İşte bunun gibi bir sürü kural daha sayabilirim size. Tabi ki bunlar düzenli yaşam için gerekli ancak bir çocuk için baskıcı olmadan da bu kurallar uygulatılamaz mı? Biz böyle büyüdük diye aynı uygulama devam etmeli mi?
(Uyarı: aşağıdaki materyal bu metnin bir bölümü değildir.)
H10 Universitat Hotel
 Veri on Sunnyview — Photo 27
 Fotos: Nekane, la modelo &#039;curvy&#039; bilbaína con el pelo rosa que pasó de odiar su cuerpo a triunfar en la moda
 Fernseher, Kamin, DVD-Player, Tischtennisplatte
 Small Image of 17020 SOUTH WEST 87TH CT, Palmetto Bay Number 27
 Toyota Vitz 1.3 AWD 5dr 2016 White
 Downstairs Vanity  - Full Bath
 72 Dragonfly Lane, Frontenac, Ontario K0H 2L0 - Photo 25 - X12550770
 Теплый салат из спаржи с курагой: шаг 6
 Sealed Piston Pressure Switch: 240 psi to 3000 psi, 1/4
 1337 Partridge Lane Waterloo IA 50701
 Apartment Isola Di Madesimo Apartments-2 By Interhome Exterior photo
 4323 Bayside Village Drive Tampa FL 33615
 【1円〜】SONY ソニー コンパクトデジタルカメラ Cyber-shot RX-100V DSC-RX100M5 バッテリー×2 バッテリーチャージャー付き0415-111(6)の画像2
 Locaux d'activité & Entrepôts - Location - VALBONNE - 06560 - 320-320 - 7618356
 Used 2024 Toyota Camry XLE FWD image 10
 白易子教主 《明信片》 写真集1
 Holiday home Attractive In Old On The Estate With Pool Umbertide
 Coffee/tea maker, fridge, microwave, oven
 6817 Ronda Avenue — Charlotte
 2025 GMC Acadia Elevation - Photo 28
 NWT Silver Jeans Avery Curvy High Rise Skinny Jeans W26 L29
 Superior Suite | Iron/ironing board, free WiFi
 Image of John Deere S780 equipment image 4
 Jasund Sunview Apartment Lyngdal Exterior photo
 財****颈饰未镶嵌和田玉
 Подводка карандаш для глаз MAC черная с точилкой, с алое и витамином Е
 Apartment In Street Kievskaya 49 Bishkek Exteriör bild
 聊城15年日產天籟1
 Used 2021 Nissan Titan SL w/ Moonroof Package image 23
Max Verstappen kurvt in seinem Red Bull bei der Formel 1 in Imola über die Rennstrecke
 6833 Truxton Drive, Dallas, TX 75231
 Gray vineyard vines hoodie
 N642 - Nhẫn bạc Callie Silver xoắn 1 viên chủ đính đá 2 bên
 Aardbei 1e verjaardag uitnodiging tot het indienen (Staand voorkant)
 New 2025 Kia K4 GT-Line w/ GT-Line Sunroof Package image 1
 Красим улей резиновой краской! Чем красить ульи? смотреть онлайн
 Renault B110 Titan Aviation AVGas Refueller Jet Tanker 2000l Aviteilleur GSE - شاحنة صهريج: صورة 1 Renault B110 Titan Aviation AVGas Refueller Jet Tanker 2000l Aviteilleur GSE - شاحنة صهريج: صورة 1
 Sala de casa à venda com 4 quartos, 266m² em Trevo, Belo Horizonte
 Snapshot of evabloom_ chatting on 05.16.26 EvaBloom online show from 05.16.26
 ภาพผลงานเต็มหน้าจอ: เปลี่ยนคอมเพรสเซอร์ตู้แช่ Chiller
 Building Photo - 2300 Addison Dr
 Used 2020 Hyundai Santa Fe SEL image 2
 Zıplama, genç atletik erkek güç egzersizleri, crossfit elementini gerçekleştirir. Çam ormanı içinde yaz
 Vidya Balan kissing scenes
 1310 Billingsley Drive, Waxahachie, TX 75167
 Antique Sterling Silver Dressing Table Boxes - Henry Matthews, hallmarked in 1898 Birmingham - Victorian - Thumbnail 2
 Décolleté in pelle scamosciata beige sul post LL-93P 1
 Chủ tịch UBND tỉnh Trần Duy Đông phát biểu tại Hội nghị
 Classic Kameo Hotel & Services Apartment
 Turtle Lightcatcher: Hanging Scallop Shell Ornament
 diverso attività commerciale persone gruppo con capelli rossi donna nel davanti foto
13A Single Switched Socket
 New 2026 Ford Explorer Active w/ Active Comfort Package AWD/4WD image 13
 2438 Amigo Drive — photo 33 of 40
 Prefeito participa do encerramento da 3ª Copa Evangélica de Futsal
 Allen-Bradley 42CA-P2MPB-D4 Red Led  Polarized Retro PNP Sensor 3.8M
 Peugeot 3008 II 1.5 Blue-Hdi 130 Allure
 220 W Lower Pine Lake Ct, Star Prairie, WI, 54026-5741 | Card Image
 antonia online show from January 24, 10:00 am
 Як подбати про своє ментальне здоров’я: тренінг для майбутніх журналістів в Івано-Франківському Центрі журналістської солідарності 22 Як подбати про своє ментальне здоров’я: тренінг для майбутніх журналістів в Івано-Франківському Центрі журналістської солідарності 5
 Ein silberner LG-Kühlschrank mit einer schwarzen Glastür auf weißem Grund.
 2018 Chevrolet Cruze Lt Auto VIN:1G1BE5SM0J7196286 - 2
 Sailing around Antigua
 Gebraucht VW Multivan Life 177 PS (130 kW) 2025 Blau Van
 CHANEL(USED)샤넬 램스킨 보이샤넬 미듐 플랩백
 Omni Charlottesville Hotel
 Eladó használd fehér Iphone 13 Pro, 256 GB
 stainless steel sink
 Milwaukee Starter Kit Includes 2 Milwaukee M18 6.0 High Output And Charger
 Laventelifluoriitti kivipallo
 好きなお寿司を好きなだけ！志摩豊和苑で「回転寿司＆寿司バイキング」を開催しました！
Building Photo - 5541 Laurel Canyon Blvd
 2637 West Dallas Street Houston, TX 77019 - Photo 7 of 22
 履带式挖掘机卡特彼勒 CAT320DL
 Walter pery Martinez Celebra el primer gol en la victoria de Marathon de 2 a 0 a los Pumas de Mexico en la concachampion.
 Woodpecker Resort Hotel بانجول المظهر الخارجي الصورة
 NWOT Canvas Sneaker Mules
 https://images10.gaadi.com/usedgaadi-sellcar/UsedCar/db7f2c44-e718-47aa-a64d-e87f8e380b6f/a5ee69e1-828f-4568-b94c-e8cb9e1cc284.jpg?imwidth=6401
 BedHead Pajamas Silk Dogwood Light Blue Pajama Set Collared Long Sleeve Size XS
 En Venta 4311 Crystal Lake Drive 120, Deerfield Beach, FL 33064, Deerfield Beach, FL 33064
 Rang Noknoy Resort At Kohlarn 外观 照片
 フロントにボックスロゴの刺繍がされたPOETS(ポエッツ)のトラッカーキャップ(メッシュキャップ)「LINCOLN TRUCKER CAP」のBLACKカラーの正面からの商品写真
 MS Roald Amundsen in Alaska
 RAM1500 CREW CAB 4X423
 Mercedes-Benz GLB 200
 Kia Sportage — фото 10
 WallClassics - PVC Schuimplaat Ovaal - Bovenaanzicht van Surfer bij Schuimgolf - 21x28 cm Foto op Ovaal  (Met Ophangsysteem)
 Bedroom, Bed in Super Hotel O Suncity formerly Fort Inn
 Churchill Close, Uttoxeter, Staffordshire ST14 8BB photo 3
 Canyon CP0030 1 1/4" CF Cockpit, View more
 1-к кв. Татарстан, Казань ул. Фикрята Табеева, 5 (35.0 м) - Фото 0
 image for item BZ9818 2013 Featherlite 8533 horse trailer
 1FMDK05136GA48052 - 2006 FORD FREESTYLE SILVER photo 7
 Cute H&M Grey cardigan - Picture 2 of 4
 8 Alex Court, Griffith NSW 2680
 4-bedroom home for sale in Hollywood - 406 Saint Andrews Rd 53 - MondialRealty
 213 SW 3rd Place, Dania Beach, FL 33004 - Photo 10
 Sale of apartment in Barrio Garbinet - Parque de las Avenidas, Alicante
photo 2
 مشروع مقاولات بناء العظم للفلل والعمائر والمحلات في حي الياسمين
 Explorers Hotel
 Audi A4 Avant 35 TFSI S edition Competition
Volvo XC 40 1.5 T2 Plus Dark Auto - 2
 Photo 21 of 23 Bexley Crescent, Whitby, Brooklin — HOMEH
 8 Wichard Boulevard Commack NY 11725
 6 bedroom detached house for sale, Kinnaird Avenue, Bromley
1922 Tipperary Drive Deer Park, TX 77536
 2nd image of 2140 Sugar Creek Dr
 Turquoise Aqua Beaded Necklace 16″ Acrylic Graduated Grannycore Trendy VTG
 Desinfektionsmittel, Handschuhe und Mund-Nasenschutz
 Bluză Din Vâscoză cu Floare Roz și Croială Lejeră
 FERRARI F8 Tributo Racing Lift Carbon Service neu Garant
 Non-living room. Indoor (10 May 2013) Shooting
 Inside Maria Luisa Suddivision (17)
Gerçekten olması gereken bu mu? Hem bir yanımızı çocuk bırakıp hem de anne-baba olamaz mıyız? Bir yerler de bir takım kurallar mı var anne-babaların uyması gereken? Hem hala çocuk duygularımızı canlı tutup hem de o duygulara şu anda sahip çocuğumuzla onunda hissettikleri ni hissederek örnek olabiliriz. Her zaman çocuklarımız için en iyisini yaptığımızı bilmelerini isteriz. Peki, biz onları anlaya biliyor muyuz? Çocuklarımıza örnek birer anne-baba olurken onların çocukluklarını anlayabiliyor muyuz? Bence hem çocuk kalıp hem de örnek olunabilir. Ne dersiniz sizde de hala bir küçük siz var mı?